Wendy Taylor Carlisle

by Best Poem

Mango

The neon on the Tan Dinh restaurant reads OPEN at 9 AM
when she stumbles in. Ho Chi Minh City around her,
the accents of the Mekong, young bulletproof faces, a waiter
steps up, offers beef soup. She hesitates, this woman
who believes she can trespass, who eats too fast. Forty years before
she never paused to wonder how a plastic flame could simmer on the skin,
or smell the mildew, bar-b-que and cannabis, the second language
of marines who came of age too big and sweaty for their war,
that tight squeeze, green shock in the tunnel of their throats.
She didn’t concentrate when her man showed off snapshots
of the enemies he couldn’t tell from friends, their hair blown back,
their tipped up smiles as soldiers chopped away. What he sought

in the jungle, he kept to himself. She never bit a mango,
never begged him to confess.
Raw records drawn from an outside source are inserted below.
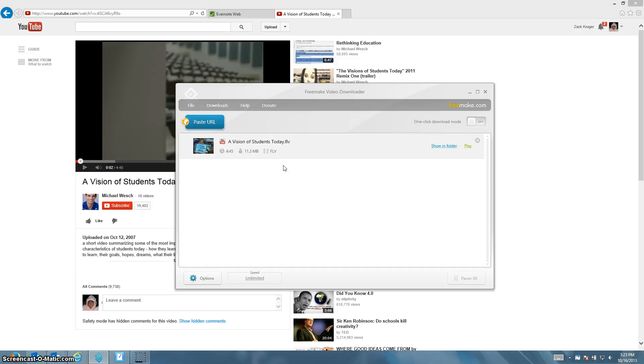In this video I'm going to be showing you how to download a video from YouTube using Freemake Video Downloader. So first of all you need to have Freemake downloaded on your computer.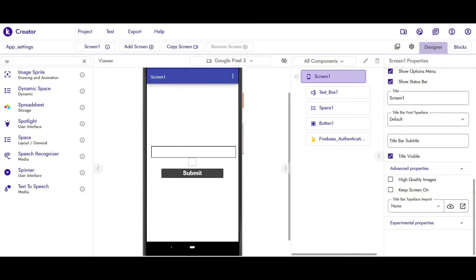Hello everybody, welcome back to my channel. In today's video I'm going to show you how you can change your app settings in this new Cordular Phoenix update.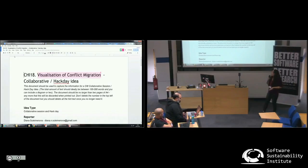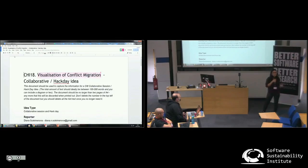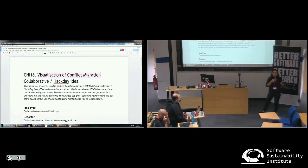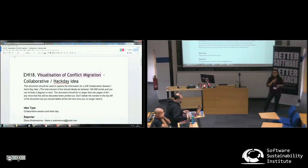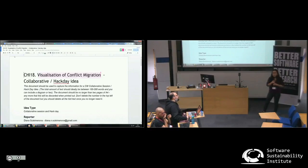I'm looking for Python coders who can help me write a script that can extract data automatically. The next step is to use this data to have an automated construction of a network map, as well as maybe have software that can be used later by other people.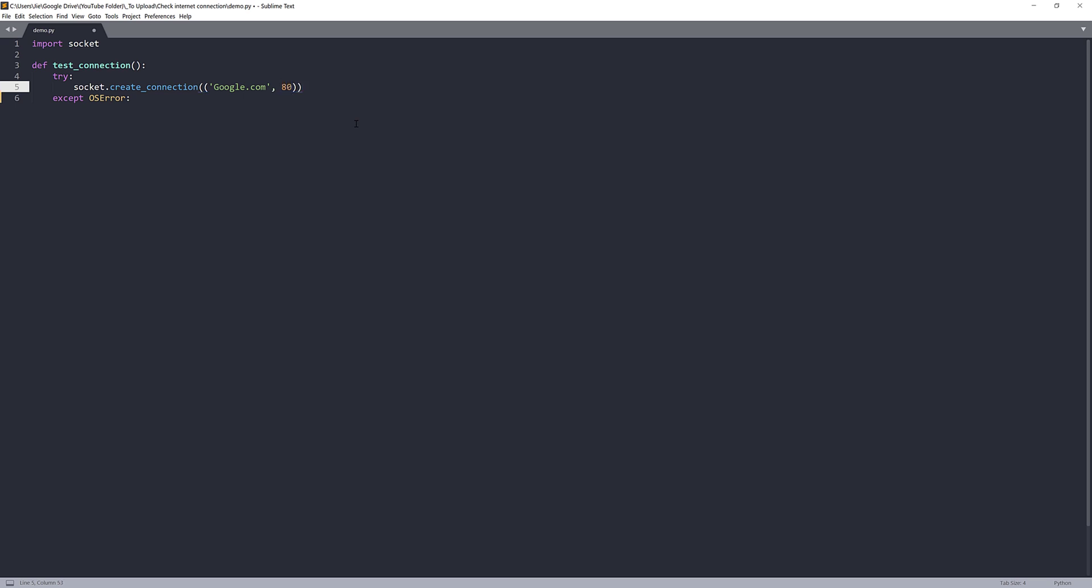And that's it. And if this statement is executed successfully, we know there's an internet connection, so we can return true. Otherwise, we're going to return false. And that's it.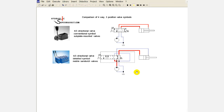We can see that when the mobile sandwich valve is shifted in either direction, the bypass gallery is blocked. With this in mind, we can now consider a multi-section mobile spool valve and how Power Beyond is configured.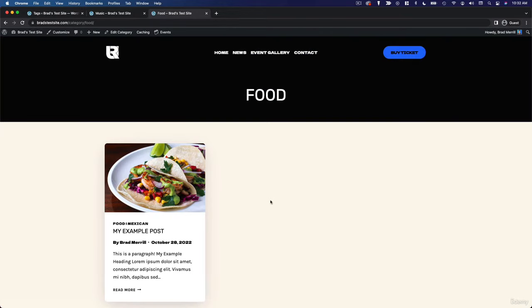Other taco-related posts, other food-related posts. It's a way to give them access to other similar content on your site. You can also use categories and tags to display related posts right below the content of a blog post.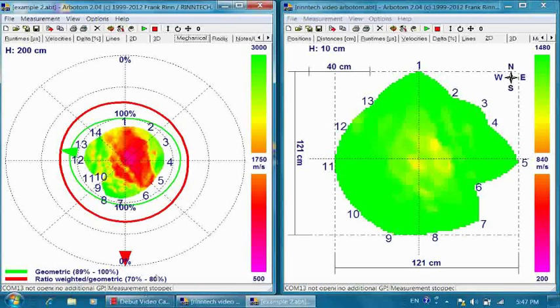So the final result of the stress wave tomography is the relative strength loss for each wind direction.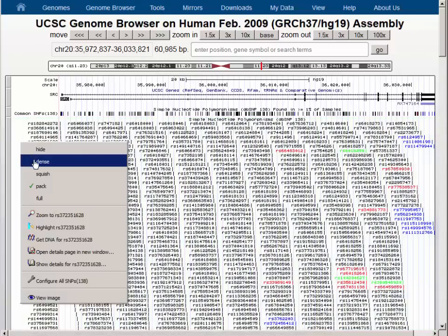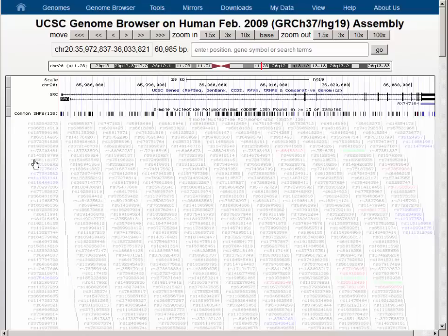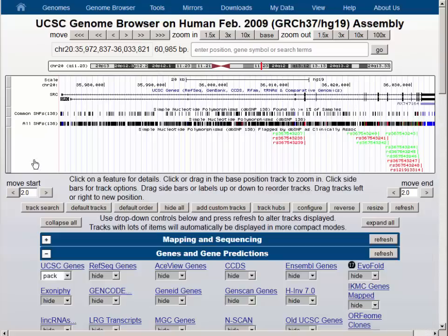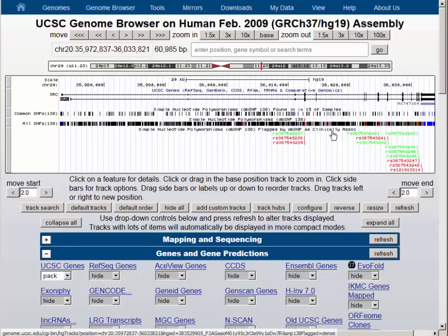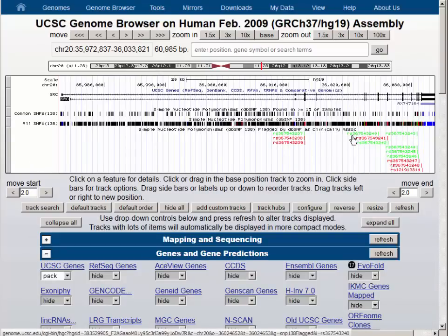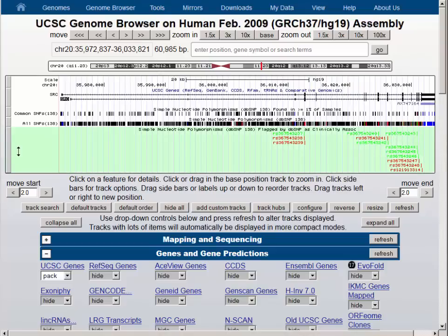The all SNPs track is considerably denser than the common SNPs track, as you would expect. The clinically relevant SNPs also include some green ones, which are coding region SNPs that have no change in amino acid.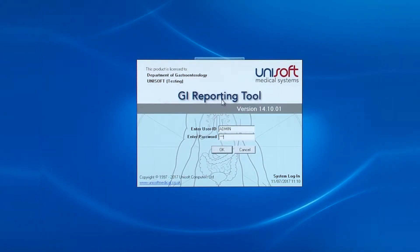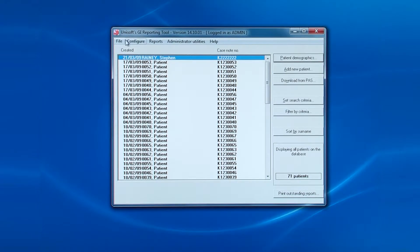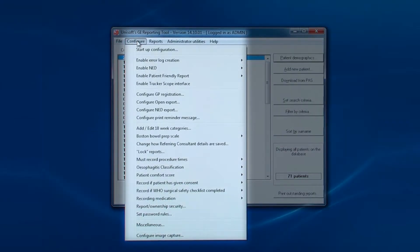When admin logs into the software, these are the options that appear under the configure menu. This is showing version 14 of the software, the NED compliant release. Previous versions will have the same options but they are shown in a different order.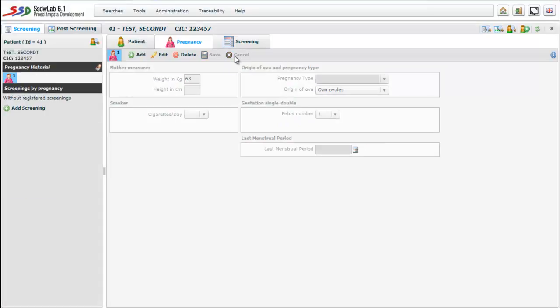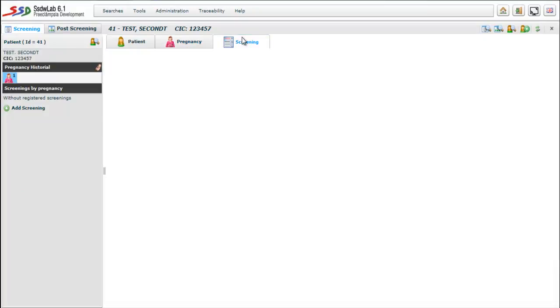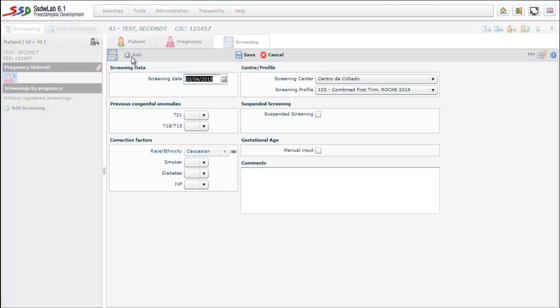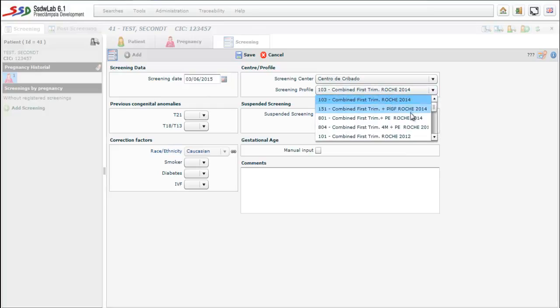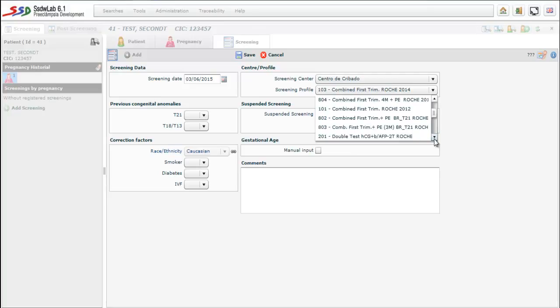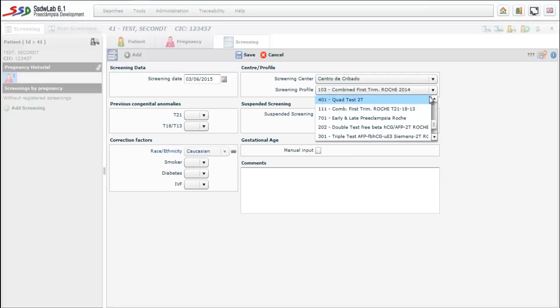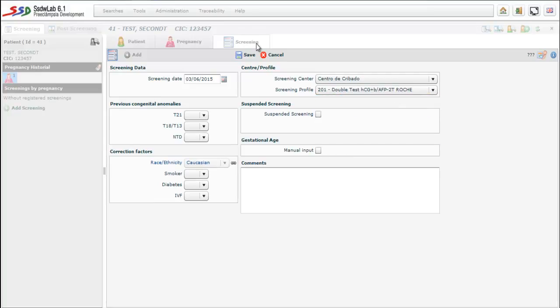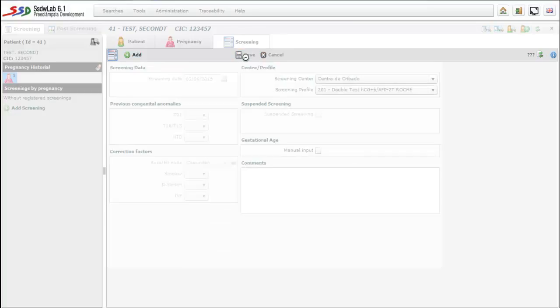The following folder is the screening folder. We must enter the date of screening, that is the date of blood sample extraction. We also introduce the screening profile. We chose a double test, that is a second trimester screening test. We can observe that there is a section regarding previous anomalies and another that refers to the correction factors. We can note that white race is marked as we have previously defined.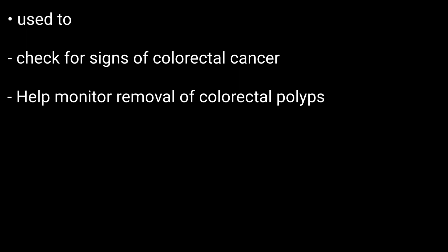These tests are used to check for signs of colorectal cancer and help in monitoring the removal of colorectal polyps. Why are these tests needed? You may need to be screened if you have certain risk factors.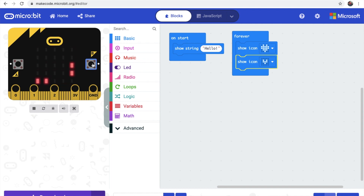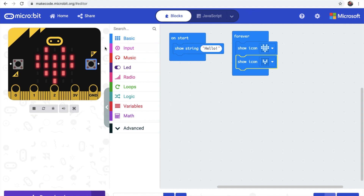Now let's look at the simulator. The forever loop is running — there, it starts! You have a big and a small heart beating.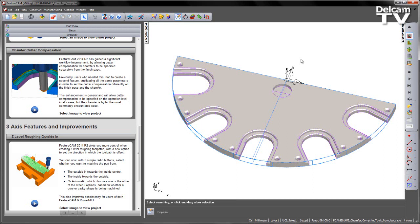This enhancement is general and will allow cutter compensation to be specified at the operation level in all cases, but the chamfer is by far the most commonly encountered case that we've seen.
He brought her home a dragon, taught her silence
in the morning, how to bolt her food with chopsticks, told her not to ask.
Some stories, he says, soldiers never tell. She says, you’re not the same.
He says, shut up! so he can listen for the hissing
from the tunnels, for the soft pad-pad of sandals, so he can croon
Da Nang, Ke Sanh, Hue, Tet, Tet, Tet, Saigon, those charms
he used to soothe himself. She never heard the red noise
he heard all around the bed; she never questioned how they all squeezed in-
the soldiers, women, children, the old men who smelled of soài
until today. She reaches out to take the soup that she will hardly taste, a bowl
that she will hurry through, that she will surely spill.

soài-mango

Wendy Taylor Carlisle is an accidental Texan. Her second book of poems, Discount Fireworks, winner of the Blackgrove Award, is forthcoming from Jacaranda Press. Most recently read her poems on-line at Salt River Review, Ghoti Magazine  and Arkansas Literary Forum.